- _WHAT NEEDS TO BE DONE_
A single number is needed: how many lines of the data below contain "Steel".

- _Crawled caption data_
***

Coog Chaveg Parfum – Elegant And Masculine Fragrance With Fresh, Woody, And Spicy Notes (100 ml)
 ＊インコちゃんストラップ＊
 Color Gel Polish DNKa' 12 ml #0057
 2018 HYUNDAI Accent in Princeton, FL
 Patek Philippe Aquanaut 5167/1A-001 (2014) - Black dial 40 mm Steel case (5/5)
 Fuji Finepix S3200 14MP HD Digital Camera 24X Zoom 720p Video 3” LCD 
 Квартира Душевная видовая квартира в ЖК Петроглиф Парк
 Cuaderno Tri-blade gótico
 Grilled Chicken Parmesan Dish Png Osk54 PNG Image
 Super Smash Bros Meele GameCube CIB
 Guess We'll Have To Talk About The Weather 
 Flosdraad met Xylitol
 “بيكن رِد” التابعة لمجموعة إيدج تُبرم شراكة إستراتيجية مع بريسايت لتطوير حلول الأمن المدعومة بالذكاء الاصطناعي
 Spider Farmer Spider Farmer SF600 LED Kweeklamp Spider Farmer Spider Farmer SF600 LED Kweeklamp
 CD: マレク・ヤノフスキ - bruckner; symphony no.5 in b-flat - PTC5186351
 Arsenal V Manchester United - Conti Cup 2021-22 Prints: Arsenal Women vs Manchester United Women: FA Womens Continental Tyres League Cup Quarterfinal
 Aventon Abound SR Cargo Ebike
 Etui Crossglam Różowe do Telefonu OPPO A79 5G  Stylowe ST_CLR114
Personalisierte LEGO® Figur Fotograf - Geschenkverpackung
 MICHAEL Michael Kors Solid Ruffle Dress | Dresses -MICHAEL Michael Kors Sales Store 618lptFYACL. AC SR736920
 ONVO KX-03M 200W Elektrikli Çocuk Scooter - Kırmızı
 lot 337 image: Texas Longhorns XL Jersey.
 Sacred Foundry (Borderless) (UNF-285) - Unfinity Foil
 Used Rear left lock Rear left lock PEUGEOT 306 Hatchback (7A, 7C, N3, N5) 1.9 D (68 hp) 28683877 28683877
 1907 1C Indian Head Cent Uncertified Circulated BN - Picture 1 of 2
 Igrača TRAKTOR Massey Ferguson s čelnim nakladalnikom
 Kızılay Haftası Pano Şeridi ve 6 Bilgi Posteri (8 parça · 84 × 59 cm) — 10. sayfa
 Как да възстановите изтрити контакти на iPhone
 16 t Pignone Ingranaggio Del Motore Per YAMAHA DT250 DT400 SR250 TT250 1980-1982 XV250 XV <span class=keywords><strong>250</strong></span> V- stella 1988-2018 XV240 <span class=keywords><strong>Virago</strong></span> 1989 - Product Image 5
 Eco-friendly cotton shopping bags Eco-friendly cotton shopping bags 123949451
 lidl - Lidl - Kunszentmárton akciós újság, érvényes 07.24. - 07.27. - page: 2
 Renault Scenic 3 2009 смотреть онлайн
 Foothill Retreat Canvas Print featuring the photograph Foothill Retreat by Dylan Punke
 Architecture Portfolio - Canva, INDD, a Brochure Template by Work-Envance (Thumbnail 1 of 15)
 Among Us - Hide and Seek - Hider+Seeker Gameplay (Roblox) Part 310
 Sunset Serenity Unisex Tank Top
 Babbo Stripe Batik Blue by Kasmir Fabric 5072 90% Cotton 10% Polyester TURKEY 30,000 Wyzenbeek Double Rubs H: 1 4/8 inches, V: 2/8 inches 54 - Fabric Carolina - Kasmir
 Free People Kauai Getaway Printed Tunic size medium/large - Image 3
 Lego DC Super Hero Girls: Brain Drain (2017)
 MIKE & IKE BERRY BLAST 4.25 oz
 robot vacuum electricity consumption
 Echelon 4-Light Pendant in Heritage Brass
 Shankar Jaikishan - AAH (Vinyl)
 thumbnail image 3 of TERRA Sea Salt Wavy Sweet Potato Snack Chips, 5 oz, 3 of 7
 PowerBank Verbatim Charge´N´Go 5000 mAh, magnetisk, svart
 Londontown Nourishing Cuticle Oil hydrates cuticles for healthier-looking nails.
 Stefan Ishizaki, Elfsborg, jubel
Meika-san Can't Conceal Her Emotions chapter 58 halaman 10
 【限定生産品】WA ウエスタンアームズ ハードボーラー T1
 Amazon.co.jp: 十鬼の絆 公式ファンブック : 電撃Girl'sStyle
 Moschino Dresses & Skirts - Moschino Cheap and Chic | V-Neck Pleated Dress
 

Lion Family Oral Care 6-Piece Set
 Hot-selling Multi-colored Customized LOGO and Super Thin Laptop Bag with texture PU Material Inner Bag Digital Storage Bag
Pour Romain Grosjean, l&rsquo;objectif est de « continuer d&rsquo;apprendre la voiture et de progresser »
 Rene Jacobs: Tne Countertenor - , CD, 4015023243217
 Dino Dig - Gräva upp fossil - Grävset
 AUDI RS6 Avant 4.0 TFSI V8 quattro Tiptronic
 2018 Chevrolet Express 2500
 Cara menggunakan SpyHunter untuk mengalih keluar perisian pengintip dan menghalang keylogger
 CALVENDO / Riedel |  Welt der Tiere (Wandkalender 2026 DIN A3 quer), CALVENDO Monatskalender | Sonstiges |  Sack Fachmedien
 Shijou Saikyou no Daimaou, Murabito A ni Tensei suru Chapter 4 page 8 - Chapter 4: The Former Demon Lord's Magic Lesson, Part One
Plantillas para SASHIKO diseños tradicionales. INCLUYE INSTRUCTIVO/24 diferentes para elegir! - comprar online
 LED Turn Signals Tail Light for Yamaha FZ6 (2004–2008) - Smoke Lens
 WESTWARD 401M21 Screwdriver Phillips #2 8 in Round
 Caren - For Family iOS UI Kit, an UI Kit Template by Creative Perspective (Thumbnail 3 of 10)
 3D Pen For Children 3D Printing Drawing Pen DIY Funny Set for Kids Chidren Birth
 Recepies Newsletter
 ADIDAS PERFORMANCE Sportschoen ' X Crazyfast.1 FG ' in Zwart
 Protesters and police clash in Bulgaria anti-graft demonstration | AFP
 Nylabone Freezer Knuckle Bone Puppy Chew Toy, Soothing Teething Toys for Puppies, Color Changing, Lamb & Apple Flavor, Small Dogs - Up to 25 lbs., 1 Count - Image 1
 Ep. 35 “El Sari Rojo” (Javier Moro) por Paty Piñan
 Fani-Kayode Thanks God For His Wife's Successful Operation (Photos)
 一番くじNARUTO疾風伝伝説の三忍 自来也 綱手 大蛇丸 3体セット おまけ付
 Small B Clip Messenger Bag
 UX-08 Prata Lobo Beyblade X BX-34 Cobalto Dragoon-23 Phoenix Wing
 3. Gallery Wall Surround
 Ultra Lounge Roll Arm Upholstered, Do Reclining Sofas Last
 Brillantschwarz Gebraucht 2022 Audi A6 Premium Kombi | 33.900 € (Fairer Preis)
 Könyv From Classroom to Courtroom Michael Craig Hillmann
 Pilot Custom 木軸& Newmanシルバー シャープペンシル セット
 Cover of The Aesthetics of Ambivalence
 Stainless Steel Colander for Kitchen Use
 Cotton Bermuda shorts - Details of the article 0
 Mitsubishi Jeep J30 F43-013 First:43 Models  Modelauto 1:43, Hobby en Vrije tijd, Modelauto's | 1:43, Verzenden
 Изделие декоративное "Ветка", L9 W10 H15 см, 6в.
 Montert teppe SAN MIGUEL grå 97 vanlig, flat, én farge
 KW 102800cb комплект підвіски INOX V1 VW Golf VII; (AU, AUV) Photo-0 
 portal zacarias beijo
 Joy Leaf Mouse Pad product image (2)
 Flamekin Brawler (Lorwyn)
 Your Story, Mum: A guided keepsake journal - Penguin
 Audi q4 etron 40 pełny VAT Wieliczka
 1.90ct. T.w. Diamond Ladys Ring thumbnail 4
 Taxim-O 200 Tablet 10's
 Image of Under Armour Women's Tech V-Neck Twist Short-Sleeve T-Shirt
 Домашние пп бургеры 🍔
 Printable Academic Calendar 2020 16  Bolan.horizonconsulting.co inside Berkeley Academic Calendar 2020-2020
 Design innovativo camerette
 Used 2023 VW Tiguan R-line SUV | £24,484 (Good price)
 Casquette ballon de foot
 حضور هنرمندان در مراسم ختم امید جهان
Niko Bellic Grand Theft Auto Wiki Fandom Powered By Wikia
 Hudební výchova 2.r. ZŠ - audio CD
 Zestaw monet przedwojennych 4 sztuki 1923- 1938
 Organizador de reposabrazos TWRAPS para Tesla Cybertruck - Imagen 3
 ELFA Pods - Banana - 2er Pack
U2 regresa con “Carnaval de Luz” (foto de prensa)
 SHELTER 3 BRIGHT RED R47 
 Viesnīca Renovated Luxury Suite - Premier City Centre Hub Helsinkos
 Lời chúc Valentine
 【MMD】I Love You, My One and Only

***

- _OUTPUT_
2